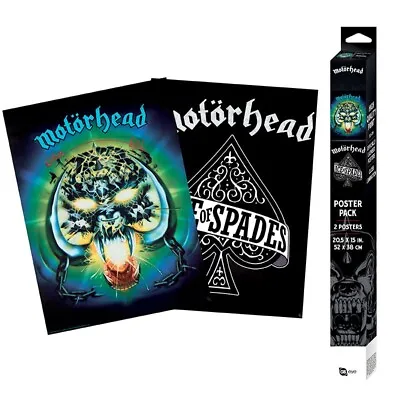 Motorhead Ace Of Spades And Overkill Unframed Boxed Poster Rock Music ABYstyle • $9.99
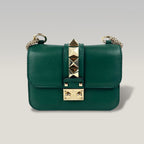 Valentino Garavani Rockstud Green Leather Shoulder Bag
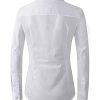 Womens Dress Shirts Long Sleeve Button Down Shirt Work Wear
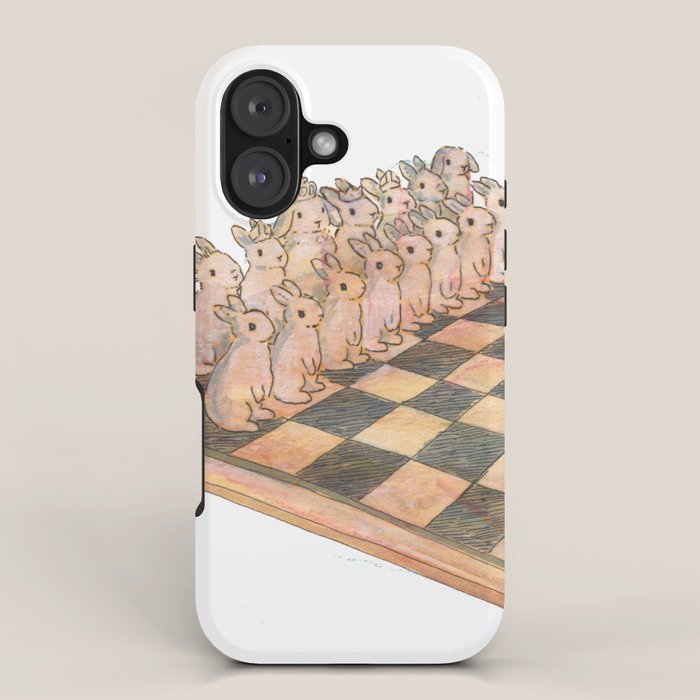 Bunny chess iPhone Case Gallery Image 1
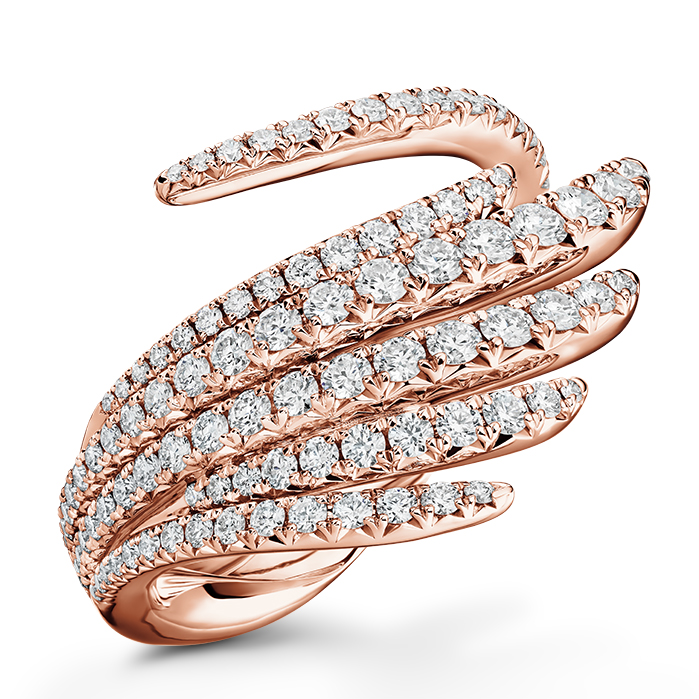 0.9 ctw. Vela Cocktail Ring in 18K Rose Gold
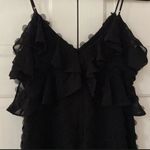 Zimmermann Textured Slip Dress Black Appliqué V Neck Wedding Goth Size 0 US 4 Photo 5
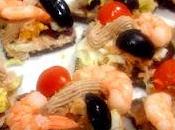 Canapés frutti mare negro Westfalia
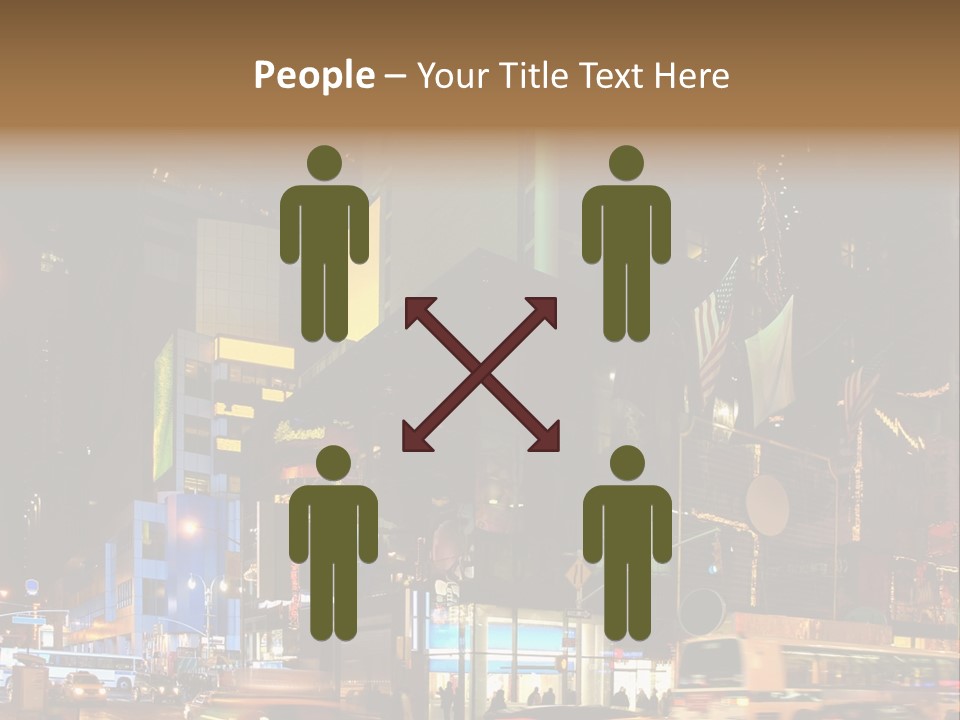 Midtown Commercial Sign Fame PowerPoint Template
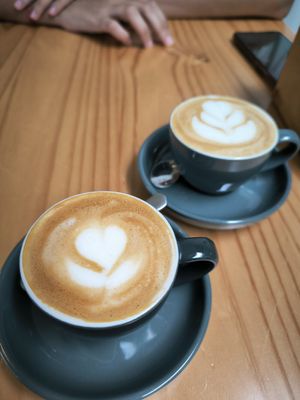 Cortados de avena at Bosque Urbano in San Jose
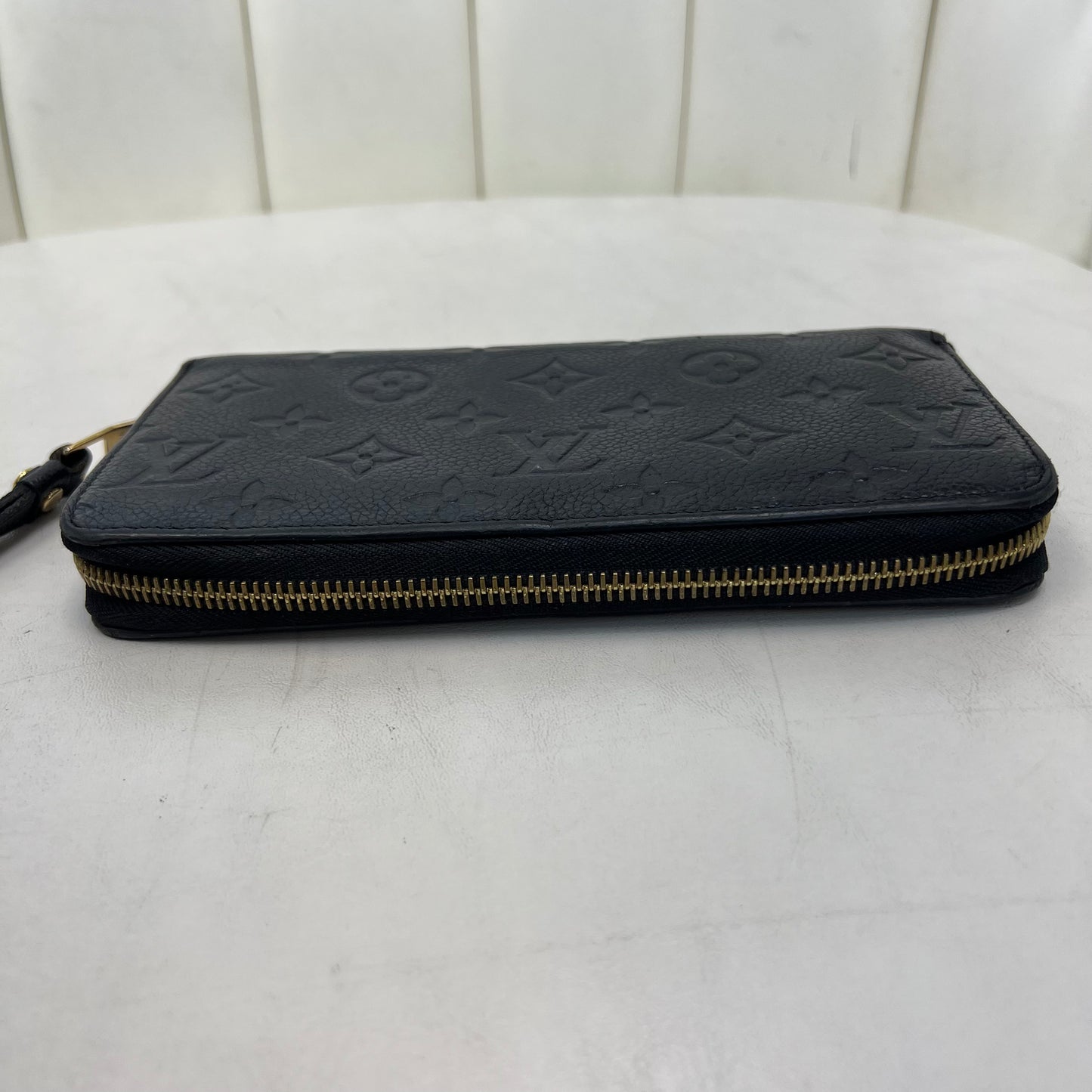 Louis Vuitton Zippy Wallet Black Empreinte Leather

Task requirements: Leave out the pictures and transcribe the entries above exactly.

Task output:
 Motorhead Ace Of Spades And Overkill Unframed Boxed Poster Rock Music ABYstyle • $9.99
 Valentino Garavani Rockstud Green Leather Shoulder Bag
 Womens Dress Shirts Long Sleeve Button Down Shirt Work Wear
 Bunny chess iPhone Case Gallery Image 1
 0.9 ctw. Vela Cocktail Ring in 18K Rose Gold
 Zimmermann Textured Slip Dress Black Appliqué V Neck Wedding Goth Size 0 US 4 Photo 5
 Canapés frutti mare negro Westfalia
 Midtown Commercial Sign Fame PowerPoint Template
 Cortados de avena at Bosque Urbano in San Jose
 Louis Vuitton Zippy Wallet Black Empreinte Leather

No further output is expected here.